§ **Records supplied**

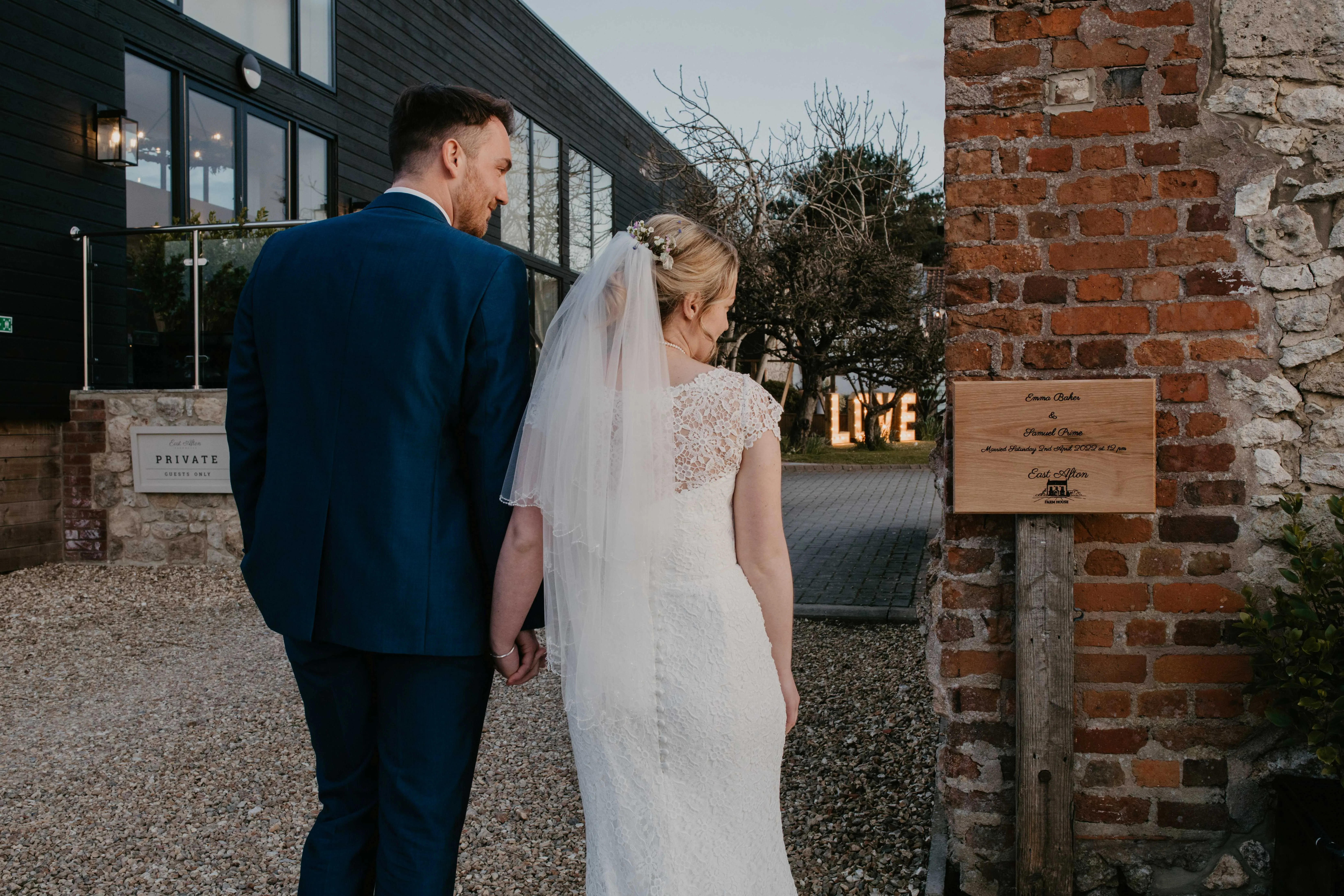 Bride and groom holding hands outside a wedding venue beside a brick wall and wooden sign, with illuminated LOVE letters in the background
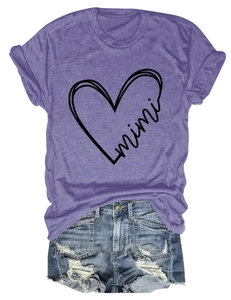 Detail of mimi heart print on purple crew neck t-shirt with denim shorts outfit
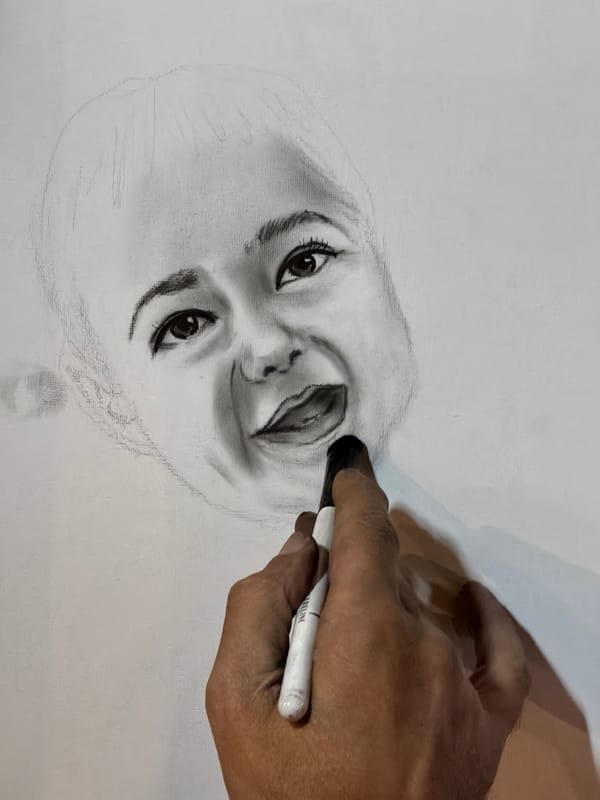 Artist draws portrait sketch in Eilat, Israel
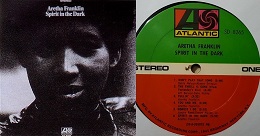 Aretha Franklin’s "Spirit in the Dark" album cover alongside its Atlantic Records vinyl label, featuring a green, white, and orange design.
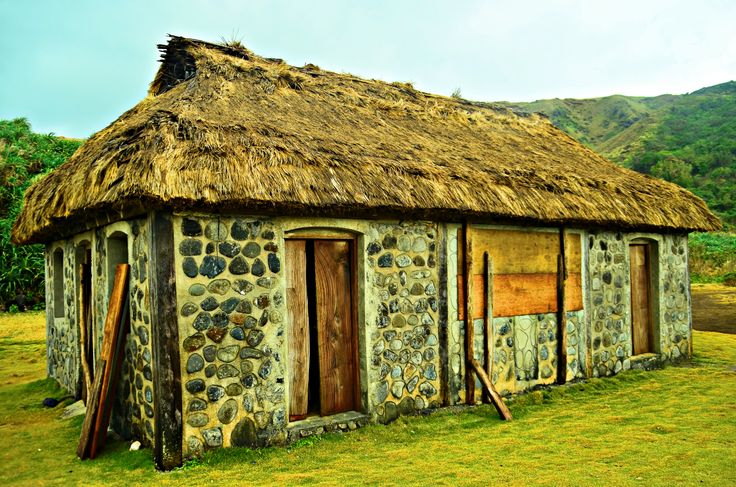 an old stone building with a thatched roof and door is in the middle of a grassy field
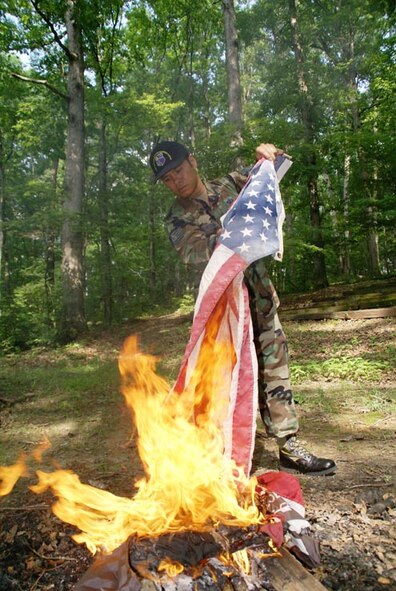Tech. Sgt. John Bankston carefully lowers a flag in the fire, bringing closure to what may been years of service. (Photo by Philip Lorenz III)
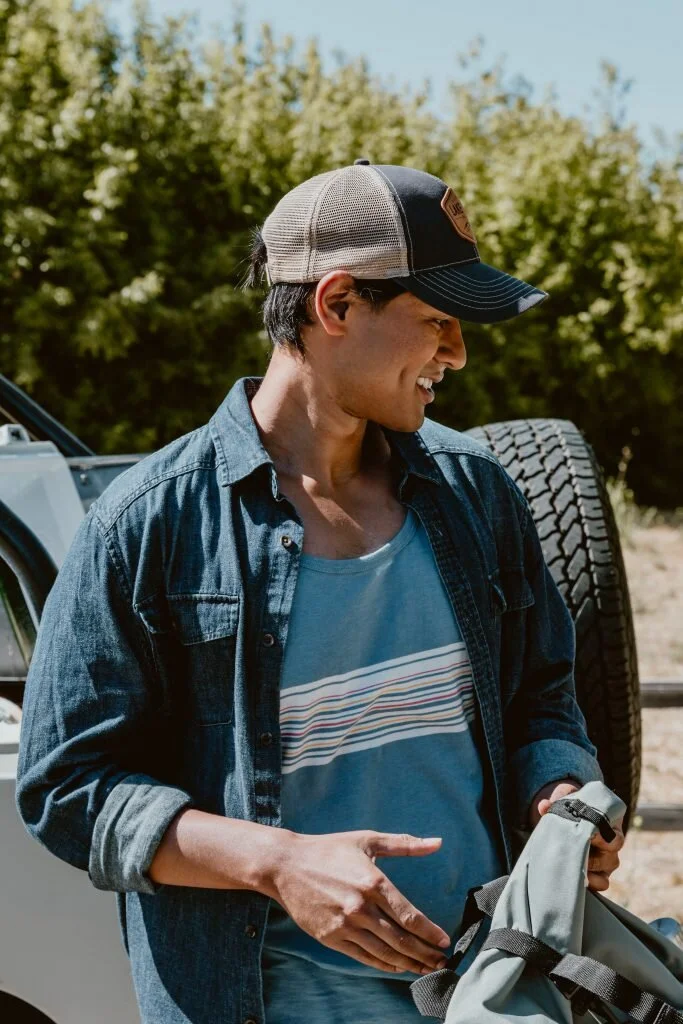 Young man smiling outdoors with a backpack, wearing a denim shirt, a striped t-shirt, and a trucker hat.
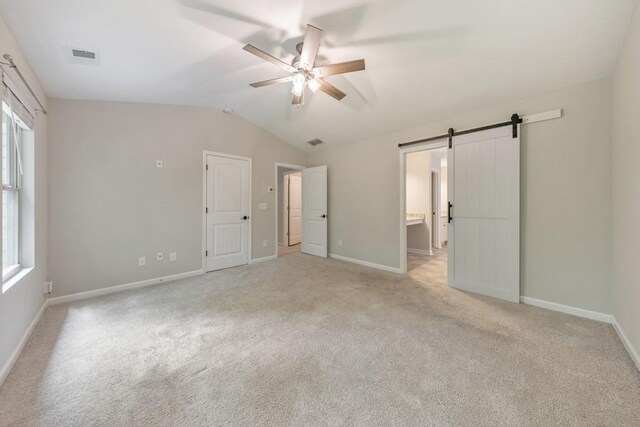 unfurnished bedroom with a barn door, vaulted ceiling, light carpet, multiple windows, and baseboards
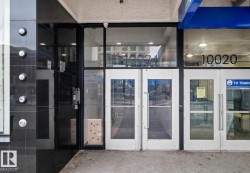 Commercial storefront featuring expansive glass panels and white-framed double-entry doors - 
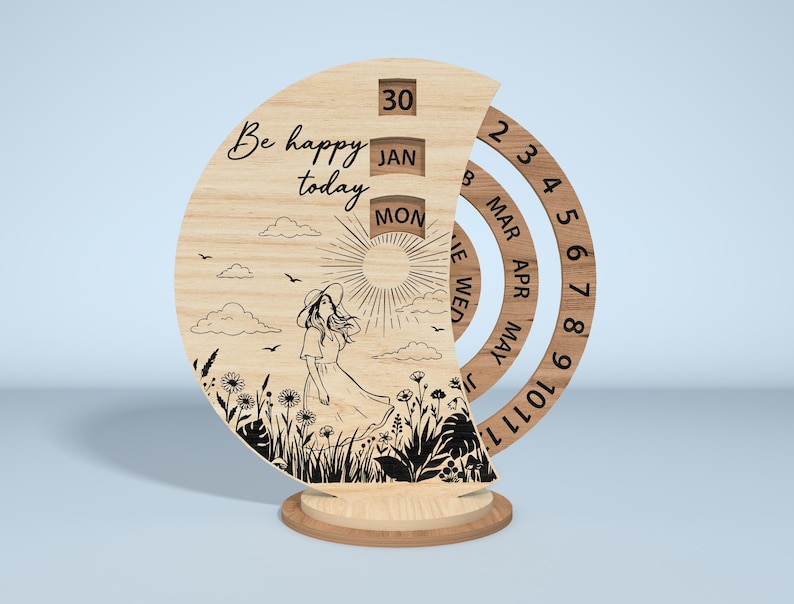 Puede incluir: Calendario perpetuo de madera con un dise&ntilde;o semicircular. El calendario presenta una ilustraci&oacute;n grabada con l&aacute;ser de una mujer en un campo, el texto "Be happy today" y anillos de fecha giratorios. La fecha muestra 30, JAN y MON.
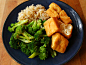 Brown rice, steamed broccoli with nutritional yeast, and deep-fried tofu with soy sauce.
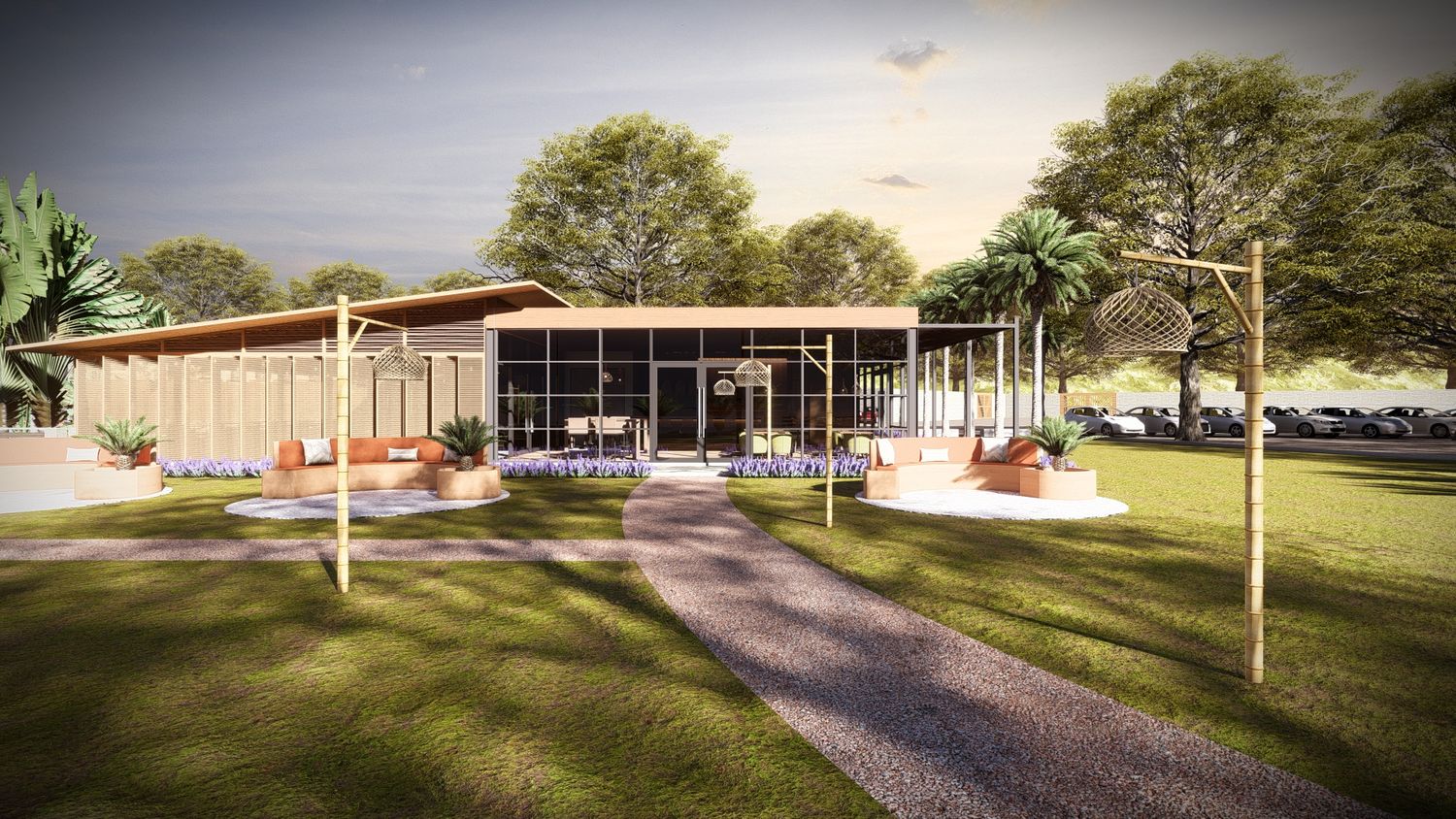 Modern building exterior with landscaped grounds and walking paths at sunset.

§ **Your instructions**
When copying the data above, repeat every word exactly and drop the pictures.

§ **Task response**
 Bride and groom holding hands outside a wedding venue beside a brick wall and wooden sign, with illuminated LOVE letters in the background
 Detail of mimi heart print on purple crew neck t-shirt with denim shorts outfit
 Artist draws portrait sketch in Eilat, Israel
 Aretha Franklin’s "Spirit in the Dark" album cover alongside its Atlantic Records vinyl label, featuring a green, white, and orange design.
 an old stone building with a thatched roof and door is in the middle of a grassy field
Tech. Sgt. John Bankston carefully lowers a flag in the fire, bringing closure to what may been years of service. (Photo by Philip Lorenz III)
 Young man smiling outdoors with a backpack, wearing a denim shirt, a striped t-shirt, and a trucker hat.
 unfurnished bedroom with a barn door, vaulted ceiling, light carpet, multiple windows, and baseboards
 Commercial storefront featuring expansive glass panels and white-framed double-entry doors - 
 Puede incluir: Calendario perpetuo de madera con un dise&ntilde;o semicircular. El calendario presenta una ilustraci&oacute;n grabada con l&aacute;ser de una mujer en un campo, el texto "Be happy today" y anillos de fecha giratorios. La fecha muestra 30, JAN y MON.
 Brown rice, steamed broccoli with nutritional yeast, and deep-fried tofu with soy sauce.
 Modern building exterior with landscaped grounds and walking paths at sunset.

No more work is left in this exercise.